L'image d'un homme menaçant refroidit mon ardeur de sauveur. Je m'apprêtais à faire demi-tour en pensant que la vie de la victime n'était peut-être pas menacée à ce point. Après cinq minutes d'hésitation à entendre ces hurlements de femme et les jurons d'un fou furieux, je me décidai à intervenir au péril de ma vie. Qu'aurait fait mon beauf ? Je m'élançai comme un fou au travers des branches pour bondir sur le spectacle de l'horreur : une femme allongée, complètement dévêtue était en train de se faire violemment prendre par un homme en tenue de l'armée de terre.
- Dites donc, vous voulez que je vous aide ?
Le chasseur sans fusil, me regarda à peine surpris:
- Et bien mon vieux, t'a qu'a commencé par te défroquer si tu veux participer aux joies de la nature ! Je n’ai rien contre un coup de main, je commence à fatiguer !

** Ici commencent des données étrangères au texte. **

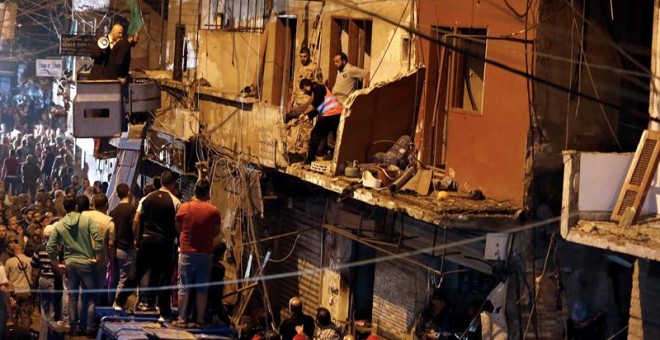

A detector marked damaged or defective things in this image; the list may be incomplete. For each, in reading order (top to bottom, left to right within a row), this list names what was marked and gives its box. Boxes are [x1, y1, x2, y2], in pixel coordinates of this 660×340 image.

damaged window [206, 0, 268, 31]
damaged window [440, 26, 488, 114]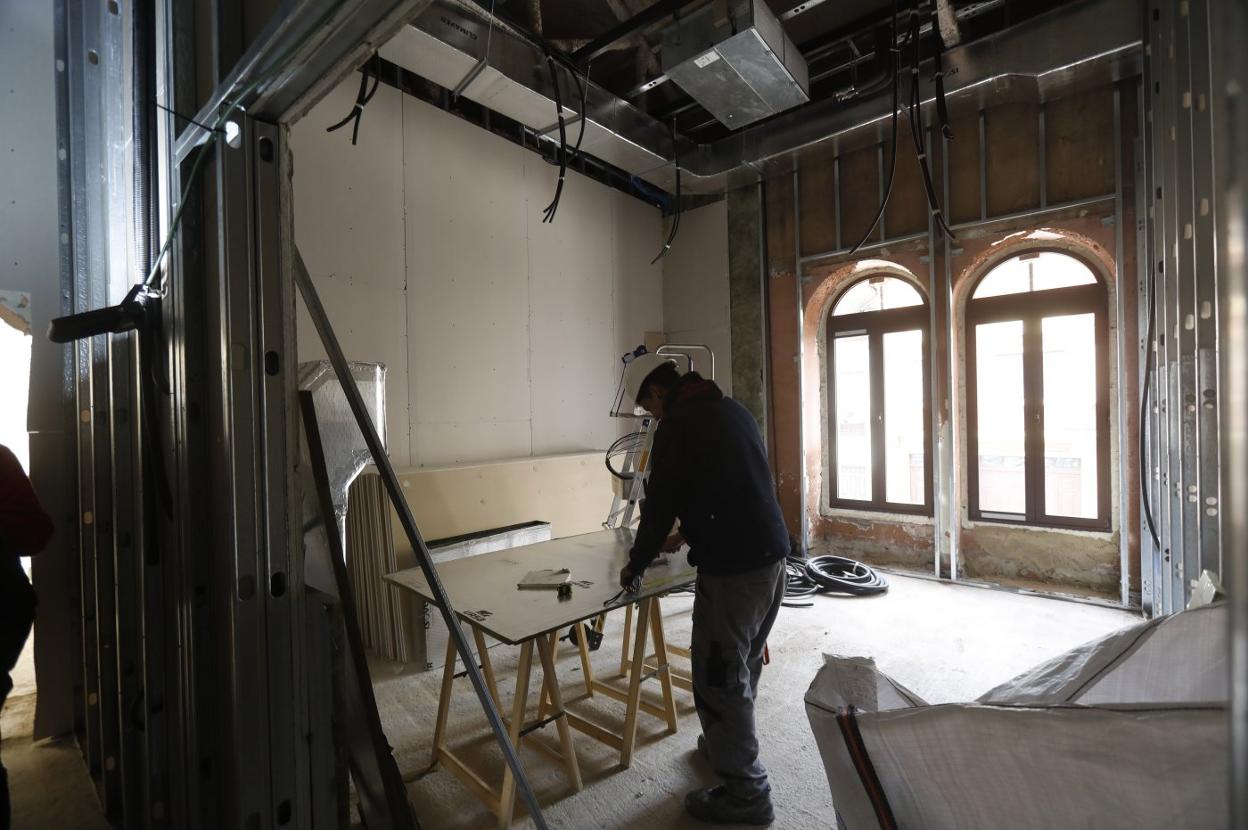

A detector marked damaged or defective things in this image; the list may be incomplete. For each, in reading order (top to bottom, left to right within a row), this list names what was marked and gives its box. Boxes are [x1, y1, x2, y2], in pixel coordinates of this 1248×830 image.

Devant cette proposition inattendue, je me demandais ce qu'aurait bien pu faire mon beauf dans pareille situation, lui qui était toujours prêt à rendre servir et à relever les défis les plus fous.
Le Guy Georges de la forêt reprit de plus belle son activité en se marrant comme si je n'existais pas.
- Je vous somme de vous arrêter sur-le-champ, monsieur !
Lorsque cette fois-ci, la femme épuisée ouvrit les yeux pour me menacer du regard :
- Tu ne vois pas qu'on est en train de baiser Ducon, alors casse-toi !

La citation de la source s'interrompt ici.